Dom Prosper Guéranger

 

HOMÉLIE DE S. MÉTHODE DE SICILE POUR LA FÊTE DE STE AGATHE

C'est la commémoration annuelle de la sainte martyre qui nous a tous rassemblés ici, vous le savez, vous qui m'écoutez. Martyre ancienne et même toute première, si l'on considère son magnifique combat ; mais martyre contemporaine, puisqu'elle semble triompher par un combat actuel, si l'on considère les miracles qui chaque jour la couronnent et augmentent son éclat.

Elle est vierge parce que le Verbe du Dieu immortel (mais qui a connu la mort dans sa chair à cause de moi), parce que le Fils inséparable du Père l'a engendrée selon la parole de Jean le Théologien : Tous ceux qui l'ont reçu, il leur a donné de pouvoir devenir enfants de Dieu.
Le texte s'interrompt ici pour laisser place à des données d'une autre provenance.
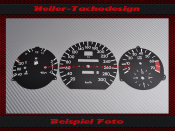 Tachoscheiben für Mercedes W124 AMG E Klasse 300 Kmh - 1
C'est donc cette vierge qui vous a invités à notre religieux banquet, elle qui a été fiancée à un époux unique, le Christ, pour employer les expressions de l'Apôtre Paul, et sa comparaison avec l'union conjugale.

Par la lumière de la connaissance, par la couleur du sang de l'Agneau véritable et divin, cette vierge embellissait et rougissait ses lèvres, ses joues et sa langue ; bien davantage, par l'attention continuelle de son esprit, elle méditait et contemplait sans cesse la mort de son époux passionné, comme s'il venait tout juste de répandre son sang. Ainsi la robe dont la revêtait son martyre portait la marque ineffaçable du sang du Christ, dont la pourpre l'imprégnait alors profondément ; en outre, elle voulait communiquer à la postérité les trésors de son éloquence virginale avec tout son charme délicat, par un jaillissement intarissable de paroles.
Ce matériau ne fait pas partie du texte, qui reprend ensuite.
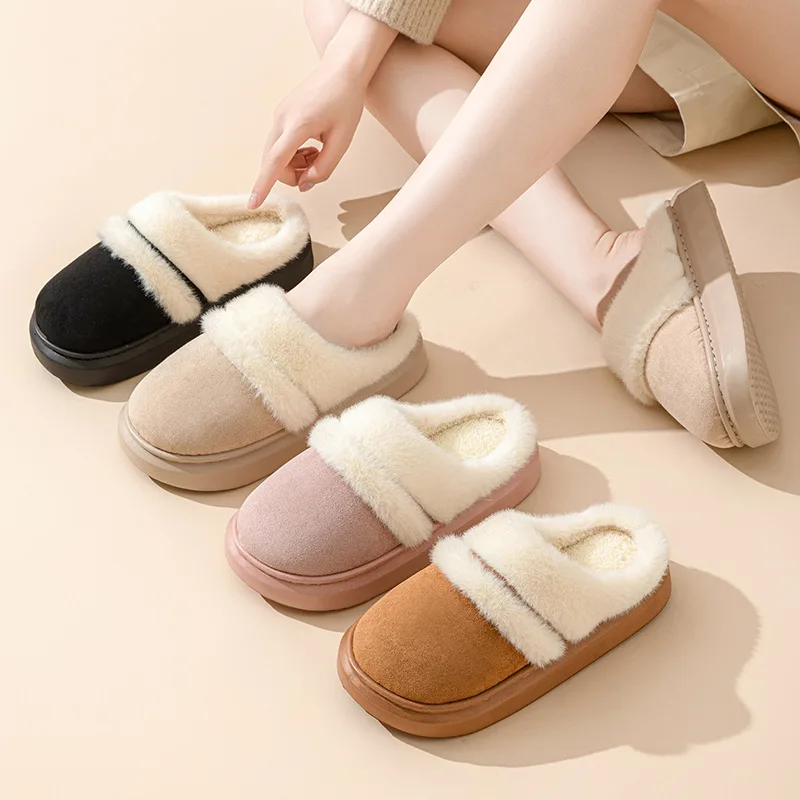 winter women slipper comfortable warm home slipper eva female cotton slipper for 4 colors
Comme le dit son nom qui signifie « bonne », Agathe est véritablement bonne, puisqu'elle appartient à Dieu ; c'est par Dieu, la source de toute bonté, qu'elle a été accordée, c'est par sa libéralité qu'elle a été donnée à son Époux et par suite à nous-mêmes, en nous faisant communier au bien.

Qu'y a-t-il de plus bienfaisant que le souverain bien ? Que peut-on découvrir qui mérite davantage d'être loué que sainte Agathe ?
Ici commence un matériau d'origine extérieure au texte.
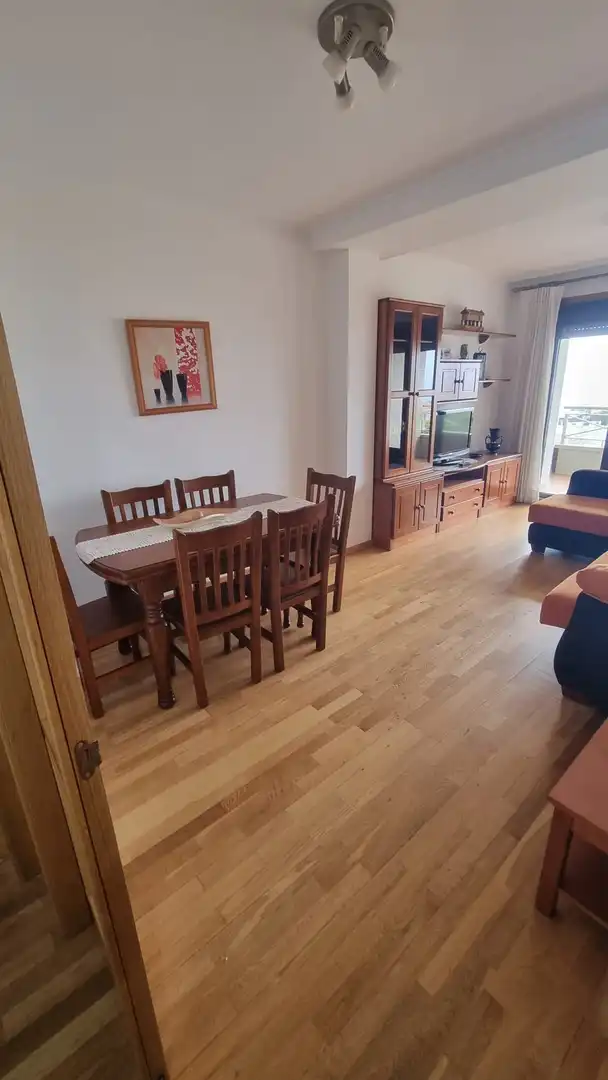 Dining room of Flat for rent in Sanxenxo  with Heating, Terrace and Furnished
La bonté de sainte Agathe correspond à son nom et à sa réalité même ; sainte Agathe, à cause de ses hauts faits, se distingue par son bon renom, et son nom même signale ses exploits ; sainte Agathe, qui déjà par son nom invite tous les hommes à venir à elle, les instruit encore par son exemple : que tous, sans attendre, s'élancent avec elle vers le vrai bien, qui n'est autre que Dieu.